ポスター画像出典:『ヤフー映画』
群像劇チックで、不倫関係も描かれ、作品の着地も王道ではないので『大枠』から外れ、評価が低くなってしまっているが、私は中々感慨深いものを観た気分になった。『着地が王道ではない』というのはどういうことか。不倫自体が王道から逸れていることが分かるはずだが、ここで一度立ち止まってじっくりと自分に自問していただきたいのである。
『じゃあ自分は、王道を歩いてるの?』
人生というものは、こういうもののはずだ。アメコミのヒーローもいないし、アニメキャラもいない。ディズニーランドのような綺麗な世界だけじゃなくて、見るに堪えない凄惨な現実も多く存在している。
多様性という名の様々な正義が入り乱れ、それぞれの生きる価値観があり、人間だけじゃなくあらゆる森羅万象と共に、複雑な呼吸を交わしながら、一日一日を綱渡りのように生き、ある人は間違えて転落死し、ある人は頑丈な綱の上で優雅に寝転ぶが、しかしどんな人であっても必ず最後は死ぬ。そういう虚しく、答えのない、儚い一生を、我々は生きているはずだ。

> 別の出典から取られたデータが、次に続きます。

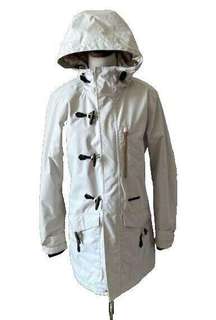 L1 Premium Goods Juno Parka Toggle Button Coat Breathability Waterproof White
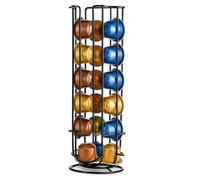 TIENDA EURASIA - Dispenser di capsule Dolce Gusto | 18 pezzi | Nero | 11x33x11cm | Supporto per capsule | Organizzatore di Stoccaggio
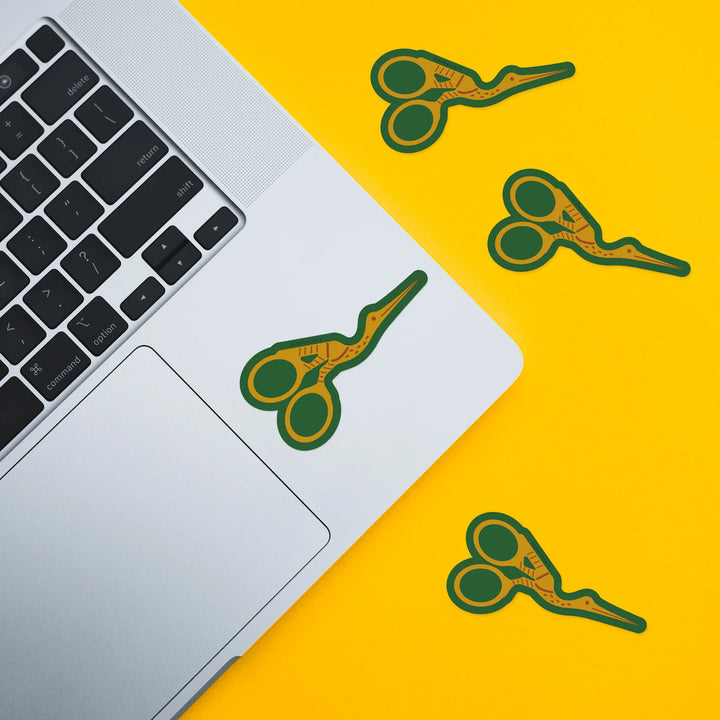 Stork Scissor Sticker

だが、あるウェアショップが調査したところ、洋服を着るマネキンは『自分の体形に似たもの』ではなく、『美男美女』がいいという。それは一体なぜだろうか。それがこの作品と、皆がした評価に、どう関係しているだろうか。美男美女だったら最高級のキャストが揃っているはずだ。これが、色々と感慨深い理由なのである。